Expected Impact for End-Users

  • The hosted app should stop disappearing behind API restarts caused by the kernel OOM killer.
  • Live feeds should still feel current, but the server will retain a tighter hot window instead of hoarding oversized in-memory histories.
  • The operator experience on the VPS should improve because internal loopback churn is materially lower.

Validation

  • Local API test gate passed: bun test services/api/tests/live.test.ts
  • Local web production build passed: bun --cwd=apps/web run build
  • VPS mitigation applied successfully.
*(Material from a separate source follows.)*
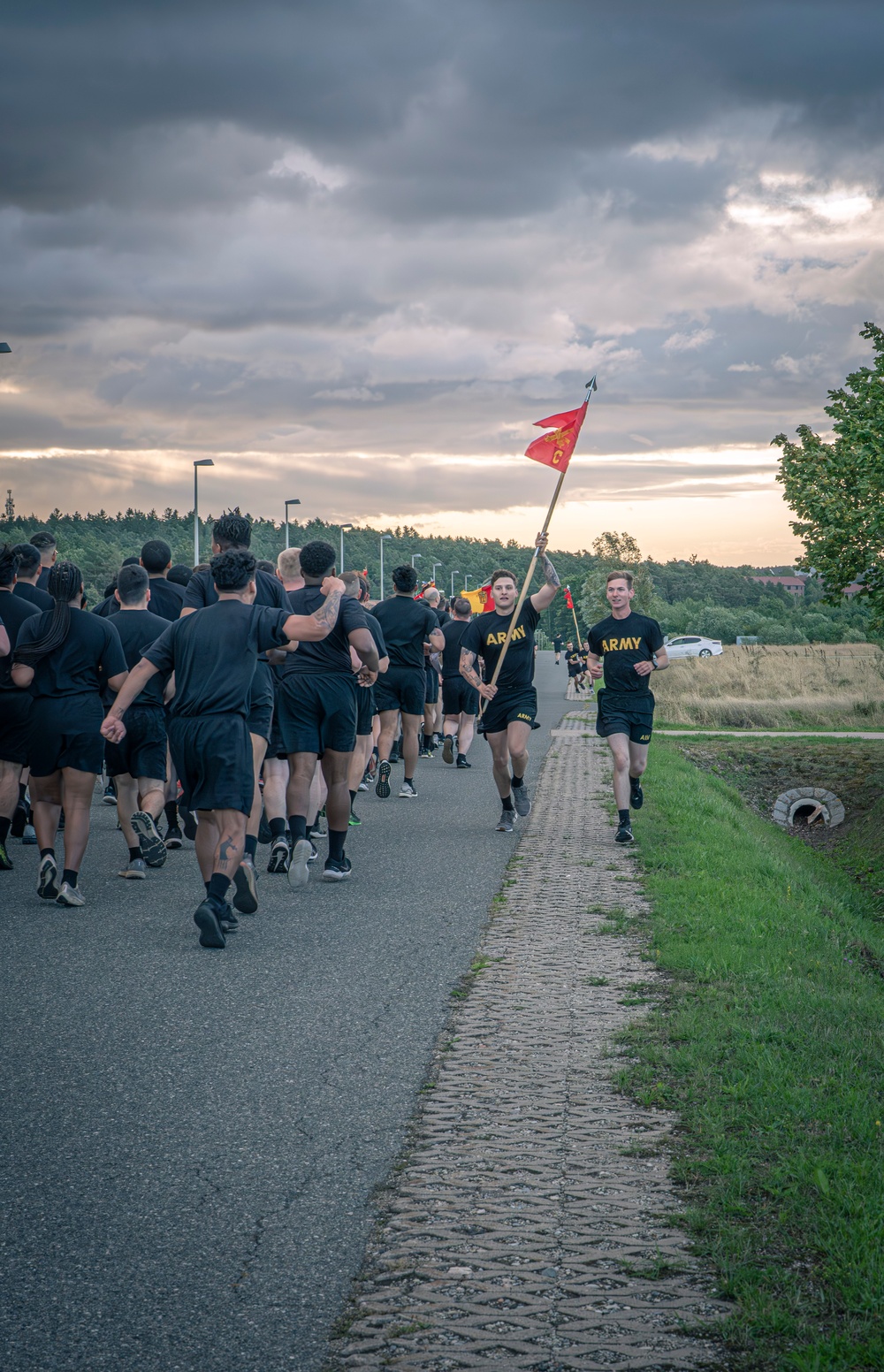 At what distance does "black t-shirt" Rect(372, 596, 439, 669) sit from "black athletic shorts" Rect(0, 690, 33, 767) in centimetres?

Redis reported 1524 live keys removed before restart.
  • After mitigation restart, systemctl --user status islandflow-api.service showed the API at about 84 MB RSS instead of multi-GB startup drift.
  • After rolling the hardened branch onto the VPS, the API minute log at 2026-05-22 21:44:11 EDT showed:
119.6 MB API RSS from the minute memory snapshot
100 live:options depth
500 live:flow, live:alerts, and live:equity-quotes caps held
34,559 Redis flush items in that minute delta
9.18 MB Redis flush payload bytes in that minute delta
No new OOM Kernel logs after the hardened restart

Issues, Limitations, and Mitigations

  • The new minute metrics are cumulative plus delta-based. They are much more useful than the old absolute counters, but they still reset on process restart.
  • snapshotItemsByChannel remains empty when no live websocket clients are connected. That is expected because snapshots are only recorded when a snapshot is actually served.
  • Quiet feeds such as news and inferred-dark can still show very old freshness ages in logs. That reflects inactivity, not a broken hot path.
  • The append-based Redis path deliberately falls back to a rewrite when out-of-order live events require the in-memory ordering to be rebuilt. That keeps correctness ahead of theoretical write minimization.

Follow-up Work

  • Add explicit alerting for repeated API RSS growth and for minute-level flush deltas that jump far above the new baseline.
  • Decide whether quiet-channel freshness logs should suppress extremely stale values for feeds like news to reduce operator noise.
  • Consider moving the live cache metrics into a dashboard view so operators do not need to parse journal lines manually.